In its second point of error, TUEC contends the district court erred in granting the Comptroller's counterclaim. In its counterclaim, the Comptroller argued that if the Tax Code allows TUEC to deduct its future rentals as debt, it also requires TUEC to include TUEC's future revenues from the operating leases as an asset. The Comptroller asserted this counterclaim as an alternative argument, contingent upon the district court's granting TUEC's refund. The district-court judgment, however, contains language that appears to grant both items of requested relief, with the granting of the counterclaim being contingent on TUEC being awarded a tax refund. The judgment does not, however, award TUEC a tax refund. It is clear the district court refused to award TUEC a tax refund because the court did not consider the future rentals under the operating leases to be deductible. Because the trial court determined that the contingency would not happen, i.e., that TUEC could not deduct the future rentals under the operating leases as "debt," the issue presented in the Comptroller's contingent counterclaim was moot. The portion of the judgment purporting to grant the Comptroller's counterclaim was therefore improper. See Ferguson v. DRG/Colony North, Ltd., 764 S.W.2d 874, 880 (Tex.App.Austin 1989, writ denied). We sustain point of error two.
CONCLUSION
We modify the judgment of the trial court to delete the portion granting the Comptroller's counterclaim and affirm it as modified.

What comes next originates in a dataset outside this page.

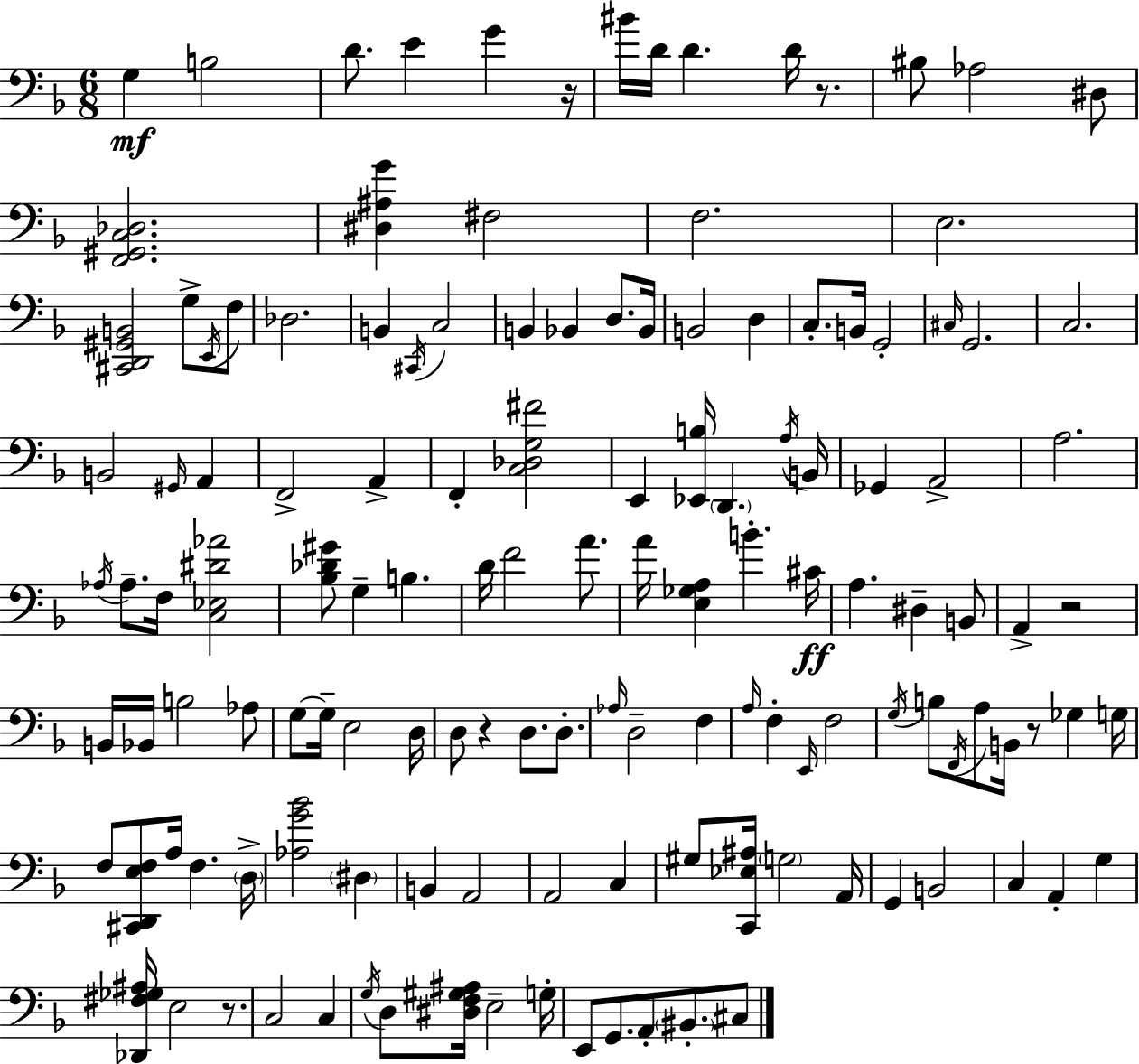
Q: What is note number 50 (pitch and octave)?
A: F3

CARROLL, C.J., not participating.
NOTES
[1] The Tax Code required TUEC to sue both the Comptroller and the State Attorney General. See Tax Code § 112.151(b). The interests of the Comptroller and the Attorney General do not diverge in this case. For convenience, we will refer to both collectively as "the Comptroller."

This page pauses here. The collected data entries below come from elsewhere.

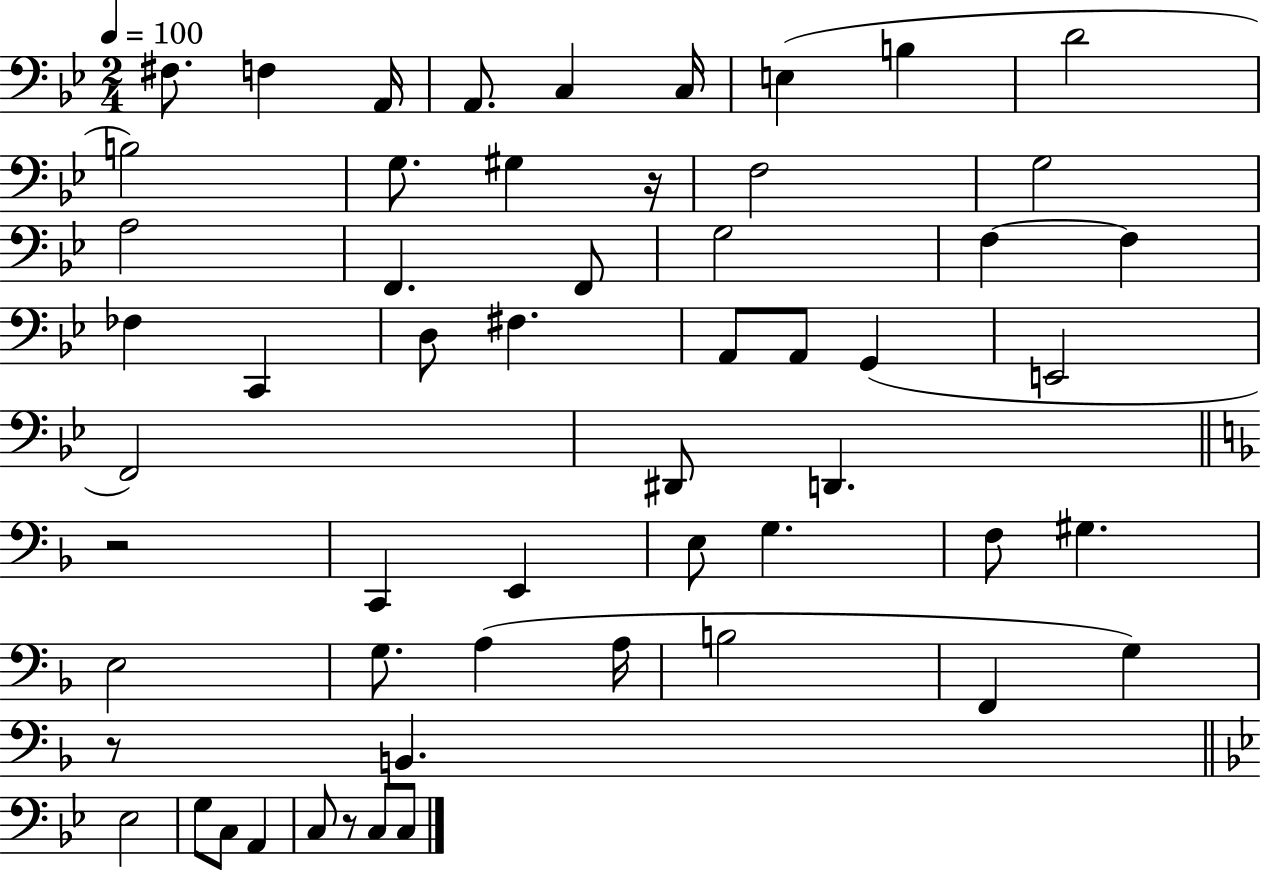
X:1
T:Untitled
M:2/4
L:1/4
K:Bb
^F,/2 F, A,,/4 A,,/2 C, C,/4 E, B, D2 B,2 G,/2 ^G, z/4 F,2 G,2 A,2 F,, F,,/2 G,2 F, F, _F, C,, D,/2 ^F, A,,/2 A,,/2 G,, E,,2 F,,2 ^D,,/2 D,, z2 C,, E,, E,/2 G, F,/2 ^G, E,2 G,/2 A, A,/4 B,2 F,, G, z/2 B,, _E,2 G,/2 C,/2 A,, C,/2 z/2 C,/2 C,/2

[2] Although the franchise tax statute imposes tax on both corporations and limited liability companies, most of the statutory provisions use only the word "corporation." The Tax Code defines the term "corporation" to include a limited liability company. See Tax Code § 171.101(b)(3)(A) (West Supp.1998). For convenience, we will use the term "corporation" even though TUEC appears to be a limited liability company.
[3] The Comptroller points out another exception to the GAAP rule that the proviso may reference. That is, section 171.109(c) allows certain small corporations to use federal income tax accounting methods, rather than GAAP, to calculate franchise tax. See Tax Code § 171.109(c).
[4] We apply a contrary rule only if doubt about the applicability of a tax remains after we employ the dominant rules of statutory construction. In that circumstance, we resolve ambiguities in favor of the taxpayer, against the taxing authority. See Calvert v. Texas Pipe Line Co., 517 S.W.2d 777, 781 (Tex.1974); Wilburn v. State, 824 S.W.2d 755, 760 (Tex.App.Austin 1992, no writ). TUEC does not dispute that its business comes within the scope of the franchise tax statute.
[5] We do not express an opinion on the computation of "debt" for a small corporation that opts to use federal income tax accounting pursuant to section 171.109(c). See footnote 3, supra.